Copy out all of the data below with no alterations.

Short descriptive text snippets
______

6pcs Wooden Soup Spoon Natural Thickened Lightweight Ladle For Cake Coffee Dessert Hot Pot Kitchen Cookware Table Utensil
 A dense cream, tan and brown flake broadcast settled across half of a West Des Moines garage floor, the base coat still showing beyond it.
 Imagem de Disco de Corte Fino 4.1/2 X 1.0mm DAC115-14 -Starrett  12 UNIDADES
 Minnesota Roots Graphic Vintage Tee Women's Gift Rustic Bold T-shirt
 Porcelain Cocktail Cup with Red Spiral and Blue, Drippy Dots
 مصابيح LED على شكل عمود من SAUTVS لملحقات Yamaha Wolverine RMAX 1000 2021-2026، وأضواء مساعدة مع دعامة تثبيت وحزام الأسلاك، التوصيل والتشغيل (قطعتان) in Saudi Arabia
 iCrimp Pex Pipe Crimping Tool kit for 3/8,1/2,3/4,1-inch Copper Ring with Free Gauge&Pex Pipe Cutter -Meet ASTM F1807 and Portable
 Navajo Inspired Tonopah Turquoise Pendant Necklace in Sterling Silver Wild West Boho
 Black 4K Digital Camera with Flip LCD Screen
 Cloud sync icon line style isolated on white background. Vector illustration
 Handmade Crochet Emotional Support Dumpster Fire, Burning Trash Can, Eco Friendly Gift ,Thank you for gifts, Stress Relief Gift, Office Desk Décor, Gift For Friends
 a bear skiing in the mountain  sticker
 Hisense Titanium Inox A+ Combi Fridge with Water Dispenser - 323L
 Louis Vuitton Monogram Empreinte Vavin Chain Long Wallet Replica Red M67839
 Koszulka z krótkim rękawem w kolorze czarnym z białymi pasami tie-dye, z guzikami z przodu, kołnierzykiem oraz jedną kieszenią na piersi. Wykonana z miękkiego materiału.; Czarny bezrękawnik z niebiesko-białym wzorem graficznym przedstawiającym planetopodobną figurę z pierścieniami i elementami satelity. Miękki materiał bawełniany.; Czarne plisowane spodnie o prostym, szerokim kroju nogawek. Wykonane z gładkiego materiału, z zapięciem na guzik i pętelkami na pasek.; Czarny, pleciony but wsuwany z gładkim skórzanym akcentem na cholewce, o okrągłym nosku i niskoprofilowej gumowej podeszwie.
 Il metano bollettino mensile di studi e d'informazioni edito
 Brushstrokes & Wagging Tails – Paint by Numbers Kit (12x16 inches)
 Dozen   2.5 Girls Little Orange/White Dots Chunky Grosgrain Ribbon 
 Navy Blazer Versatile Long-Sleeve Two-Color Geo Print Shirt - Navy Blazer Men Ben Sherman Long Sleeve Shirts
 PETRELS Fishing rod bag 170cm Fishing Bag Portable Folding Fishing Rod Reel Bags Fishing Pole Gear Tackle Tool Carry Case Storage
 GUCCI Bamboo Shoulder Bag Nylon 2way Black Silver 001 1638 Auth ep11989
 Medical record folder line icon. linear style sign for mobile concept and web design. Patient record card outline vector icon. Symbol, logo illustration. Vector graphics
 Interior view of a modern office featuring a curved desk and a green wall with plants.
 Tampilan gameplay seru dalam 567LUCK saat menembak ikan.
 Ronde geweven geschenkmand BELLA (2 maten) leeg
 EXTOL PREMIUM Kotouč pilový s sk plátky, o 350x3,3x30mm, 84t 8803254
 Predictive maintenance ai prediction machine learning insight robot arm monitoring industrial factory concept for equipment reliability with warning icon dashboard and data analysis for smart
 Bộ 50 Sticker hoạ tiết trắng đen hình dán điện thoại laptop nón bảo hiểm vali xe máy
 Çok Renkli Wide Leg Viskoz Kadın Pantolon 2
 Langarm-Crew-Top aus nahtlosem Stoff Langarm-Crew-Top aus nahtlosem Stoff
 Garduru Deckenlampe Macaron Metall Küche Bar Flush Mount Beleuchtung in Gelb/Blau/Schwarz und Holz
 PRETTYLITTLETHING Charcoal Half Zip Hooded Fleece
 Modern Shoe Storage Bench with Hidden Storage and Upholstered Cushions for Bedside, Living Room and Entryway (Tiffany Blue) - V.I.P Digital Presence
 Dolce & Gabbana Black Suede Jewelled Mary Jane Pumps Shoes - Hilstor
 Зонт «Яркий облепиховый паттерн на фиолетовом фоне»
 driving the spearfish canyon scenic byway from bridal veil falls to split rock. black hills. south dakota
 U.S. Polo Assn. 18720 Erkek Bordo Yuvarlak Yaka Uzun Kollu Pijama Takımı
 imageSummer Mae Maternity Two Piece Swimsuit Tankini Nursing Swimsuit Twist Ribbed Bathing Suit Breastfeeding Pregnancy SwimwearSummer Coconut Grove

______

**Result for this task:**
6pcs Wooden Soup Spoon Natural Thickened Lightweight Ladle For Cake Coffee Dessert Hot Pot Kitchen Cookware Table Utensil
 A dense cream, tan and brown flake broadcast settled across half of a West Des Moines garage floor, the base coat still showing beyond it.
 Imagem de Disco de Corte Fino 4.1/2 X 1.0mm DAC115-14 -Starrett  12 UNIDADES
 Minnesota Roots Graphic Vintage Tee Women's Gift Rustic Bold T-shirt
 Porcelain Cocktail Cup with Red Spiral and Blue, Drippy Dots
 مصابيح LED على شكل عمود من SAUTVS لملحقات Yamaha Wolverine RMAX 1000 2021-2026، وأضواء مساعدة مع دعامة تثبيت وحزام الأسلاك، التوصيل والتشغيل (قطعتان) in Saudi Arabia
 iCrimp Pex Pipe Crimping Tool kit for 3/8,1/2,3/4,1-inch Copper Ring with Free Gauge&Pex Pipe Cutter -Meet ASTM F1807 and Portable
 Navajo Inspired Tonopah Turquoise Pendant Necklace in Sterling Silver Wild West Boho
 Black 4K Digital Camera with Flip LCD Screen
 Cloud sync icon line style isolated on white background. Vector illustration
 Handmade Crochet Emotional Support Dumpster Fire, Burning Trash Can, Eco Friendly Gift ,Thank you for gifts, Stress Relief Gift, Office Desk Décor, Gift For Friends
 a bear skiing in the mountain  sticker
 Hisense Titanium Inox A+ Combi Fridge with Water Dispenser - 323L
 Louis Vuitton Monogram Empreinte Vavin Chain Long Wallet Replica Red M67839
 Koszulka z krótkim rękawem w kolorze czarnym z białymi pasami tie-dye, z guzikami z przodu, kołnierzykiem oraz jedną kieszenią na piersi. Wykonana z miękkiego materiału.; Czarny bezrękawnik z niebiesko-białym wzorem graficznym przedstawiającym planetopodobną figurę z pierścieniami i elementami satelity. Miękki materiał bawełniany.; Czarne plisowane spodnie o prostym, szerokim kroju nogawek. Wykonane z gładkiego materiału, z zapięciem na guzik i pętelkami na pasek.; Czarny, pleciony but wsuwany z gładkim skórzanym akcentem na cholewce, o okrągłym nosku i niskoprofilowej gumowej podeszwie.
 Il metano bollettino mensile di studi e d'informazioni edito
 Brushstrokes & Wagging Tails – Paint by Numbers Kit (12x16 inches)
 Dozen   2.5 Girls Little Orange/White Dots Chunky Grosgrain Ribbon 
 Navy Blazer Versatile Long-Sleeve Two-Color Geo Print Shirt - Navy Blazer Men Ben Sherman Long Sleeve Shirts
 PETRELS Fishing rod bag 170cm Fishing Bag Portable Folding Fishing Rod Reel Bags Fishing Pole Gear Tackle Tool Carry Case Storage
 GUCCI Bamboo Shoulder Bag Nylon 2way Black Silver 001 1638 Auth ep11989
 Medical record folder line icon. linear style sign for mobile concept and web design. Patient record card outline vector icon. Symbol, logo illustration. Vector graphics
 Interior view of a modern office featuring a curved desk and a green wall with plants.
 Tampilan gameplay seru dalam 567LUCK saat menembak ikan.
 Ronde geweven geschenkmand BELLA (2 maten) leeg
 EXTOL PREMIUM Kotouč pilový s sk plátky, o 350x3,3x30mm, 84t 8803254
 Predictive maintenance ai prediction machine learning insight robot arm monitoring industrial factory concept for equipment reliability with warning icon dashboard and data analysis for smart
 Bộ 50 Sticker hoạ tiết trắng đen hình dán điện thoại laptop nón bảo hiểm vali xe máy
 Çok Renkli Wide Leg Viskoz Kadın Pantolon 2
 Langarm-Crew-Top aus nahtlosem Stoff Langarm-Crew-Top aus nahtlosem Stoff
 Garduru Deckenlampe Macaron Metall Küche Bar Flush Mount Beleuchtung in Gelb/Blau/Schwarz und Holz
 PRETTYLITTLETHING Charcoal Half Zip Hooded Fleece
 Modern Shoe Storage Bench with Hidden Storage and Upholstered Cushions for Bedside, Living Room and Entryway (Tiffany Blue) - V.I.P Digital Presence
 Dolce & Gabbana Black Suede Jewelled Mary Jane Pumps Shoes - Hilstor
 Зонт «Яркий облепиховый паттерн на фиолетовом фоне»
 driving the spearfish canyon scenic byway from bridal veil falls to split rock. black hills. south dakota
 U.S. Polo Assn. 18720 Erkek Bordo Yuvarlak Yaka Uzun Kollu Pijama Takımı
 imageSummer Mae Maternity Two Piece Swimsuit Tankini Nursing Swimsuit Twist Ribbed Bathing Suit Breastfeeding Pregnancy SwimwearSummer Coconut Grove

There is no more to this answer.